REQUIREMENT — Copy exactly the lines from the one containing "chicken curry with" through the last line of the records below, both included, and leave out the pictures.

━━━ DATA UNDER STUDY ━━━

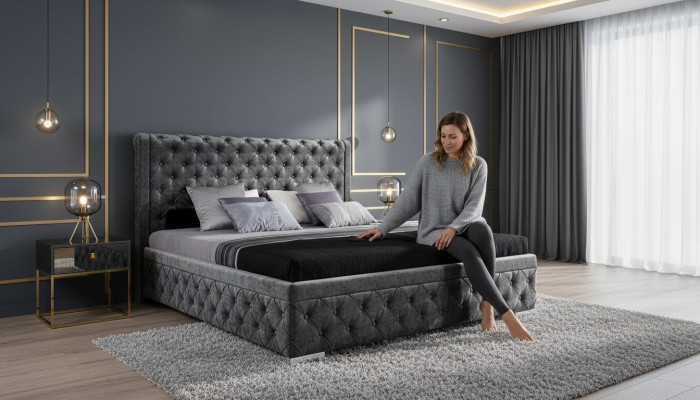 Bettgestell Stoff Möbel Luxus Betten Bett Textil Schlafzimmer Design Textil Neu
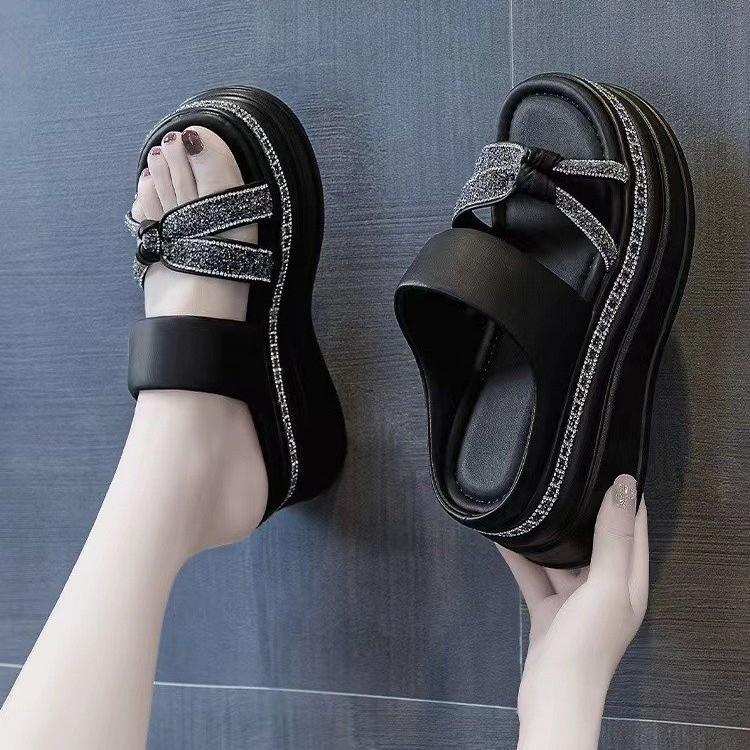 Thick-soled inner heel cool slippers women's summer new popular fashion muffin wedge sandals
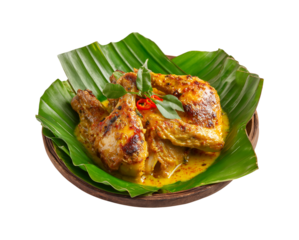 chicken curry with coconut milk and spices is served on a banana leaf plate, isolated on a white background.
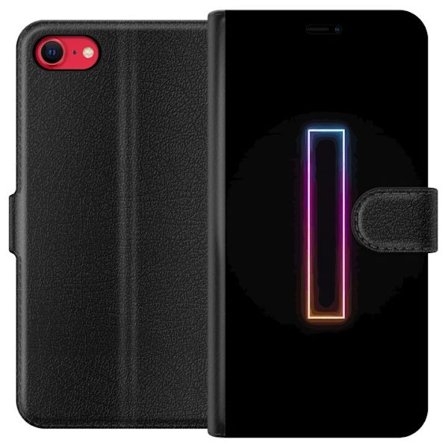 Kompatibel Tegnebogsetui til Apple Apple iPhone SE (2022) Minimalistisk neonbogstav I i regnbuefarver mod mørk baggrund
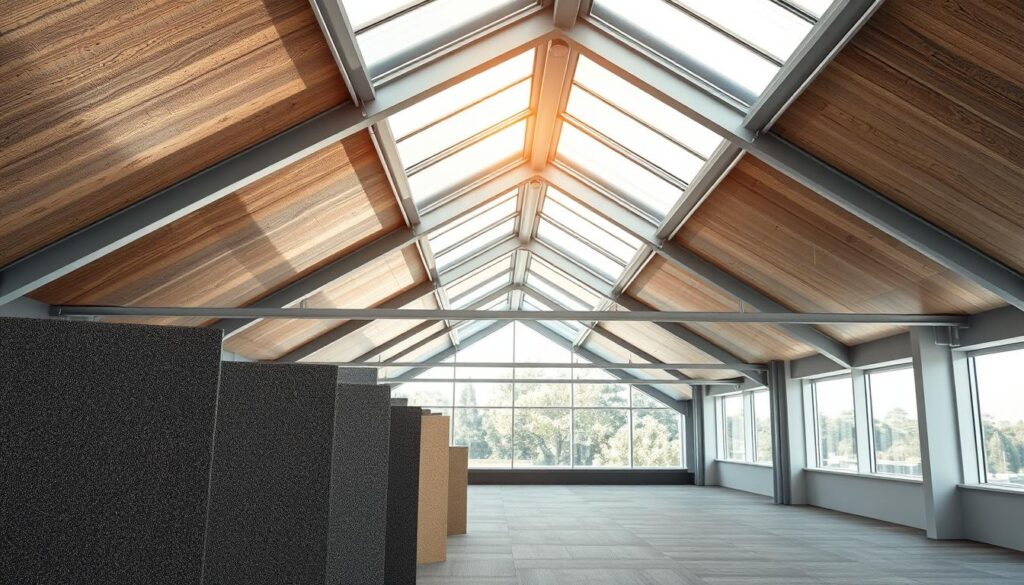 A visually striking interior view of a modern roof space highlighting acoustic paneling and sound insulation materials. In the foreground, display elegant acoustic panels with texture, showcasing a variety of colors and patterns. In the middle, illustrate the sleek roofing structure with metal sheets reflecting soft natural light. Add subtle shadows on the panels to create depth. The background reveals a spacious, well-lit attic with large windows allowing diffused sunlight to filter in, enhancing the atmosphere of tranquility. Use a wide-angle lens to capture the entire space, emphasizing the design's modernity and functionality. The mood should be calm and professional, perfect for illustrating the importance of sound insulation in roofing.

━━━

EXPECTED ANSWER —
 chicken curry with coconut milk and spices is served on a banana leaf plate, isolated on a white background.
 Kompatibel Tegnebogsetui til Apple Apple iPhone SE (2022) Minimalistisk neonbogstav I i regnbuefarver mod mørk baggrund
 A visually striking interior view of a modern roof space highlighting acoustic paneling and sound insulation materials. In the foreground, display elegant acoustic panels with texture, showcasing a variety of colors and patterns. In the middle, illustrate the sleek roofing structure with metal sheets reflecting soft natural light. Add subtle shadows on the panels to create depth. The background reveals a spacious, well-lit attic with large windows allowing diffused sunlight to filter in, enhancing the atmosphere of tranquility. Use a wide-angle lens to capture the entire space, emphasizing the design's modernity and functionality. The mood should be calm and professional, perfect for illustrating the importance of sound insulation in roofing.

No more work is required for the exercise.